Pernyataan tersebut merupakan fakta. Karena tidak ada aturan diet yang sama pada setiap penderita diabetes. Jadi setiap individu yang mengalami diabetes dianjurkan untuk berkonsultasi kepada dokter ataupun ahli gizi untuk mendapatkan menu yang tepat sesuai kondisi penderita. Terdapat salah satu menu yang dapat digunakan penderita diabetes untuk mengontrol diabetes, yaitu pola makan Mediterania. Pola makan ini merupakan pola makan yang mengkonsumsi biji-bijian, sayur-sayuran, lemak sehat, serta konsumsi protein yang rendah lemak. Anda juga dapat mengkonsumsi kolagit pada program diet. Dikarenakan kolagit aman dikonsumsi pada saat menjalani diet diabetes.

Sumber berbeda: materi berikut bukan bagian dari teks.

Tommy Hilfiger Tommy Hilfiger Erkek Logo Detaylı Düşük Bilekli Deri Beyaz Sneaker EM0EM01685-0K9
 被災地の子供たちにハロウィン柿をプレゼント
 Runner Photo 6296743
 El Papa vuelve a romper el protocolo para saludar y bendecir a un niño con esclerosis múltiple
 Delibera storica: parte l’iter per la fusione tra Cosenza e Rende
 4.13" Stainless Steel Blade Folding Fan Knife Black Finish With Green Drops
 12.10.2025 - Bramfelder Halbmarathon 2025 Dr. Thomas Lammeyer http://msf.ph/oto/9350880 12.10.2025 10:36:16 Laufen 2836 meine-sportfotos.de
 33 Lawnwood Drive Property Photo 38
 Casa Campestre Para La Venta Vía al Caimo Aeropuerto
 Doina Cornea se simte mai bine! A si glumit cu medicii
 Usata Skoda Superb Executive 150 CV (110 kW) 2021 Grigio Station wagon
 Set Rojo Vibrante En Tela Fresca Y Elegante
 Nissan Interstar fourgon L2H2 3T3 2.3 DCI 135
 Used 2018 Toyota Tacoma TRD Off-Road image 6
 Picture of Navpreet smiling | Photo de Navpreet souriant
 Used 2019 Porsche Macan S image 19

  1. Sering minum obat diabetes dapat merusak ginjal

Perrnyataan tersebut adalah mitos. Banyak masyarakat yang beranggapan mengkonsumsi obat diabet dapat menyebabkan gangguan ginjal. Faktanya kerusakaan pada ginjal disebabkan oleh kadar gula darah yang tinggi . Memang berbagai macam obat diabetes memiliki beberapa efek samping. Dengan berkonsultasi dengan dokter, efek samping dapat dimonitor dengan baik. Tetapi Anda juga bisa mengkonsumsi herbal seperti kolagit. Produk ini meupakan herbal buatan anak bangsa yang diklaim dapat menurunkan kadar gula, dan tidak berbahaya jika dikonsumsi secara rutin.

  1. Indonesia merupakan negara dengan jumlah penderita diabetes terbanyak didunia

Pernyataan diatas adalah fakta. Meskipun Indonesia bukanlah negara dengan peringkat pertama dalam kasus diabetes. Tetapi sudah lebih dari 10 juta orang mengalami penyakit ini dalam kurun waktu 5 tahun terakhir. Dan setiap 6 hari sekali, 100 orang meninggal karena penyakit ini.

Setelah menyimak ulasan diatas, Anda sudah mengetahui pernyataan yang termasuk mitos atau fakta. Semoga bermanfaat.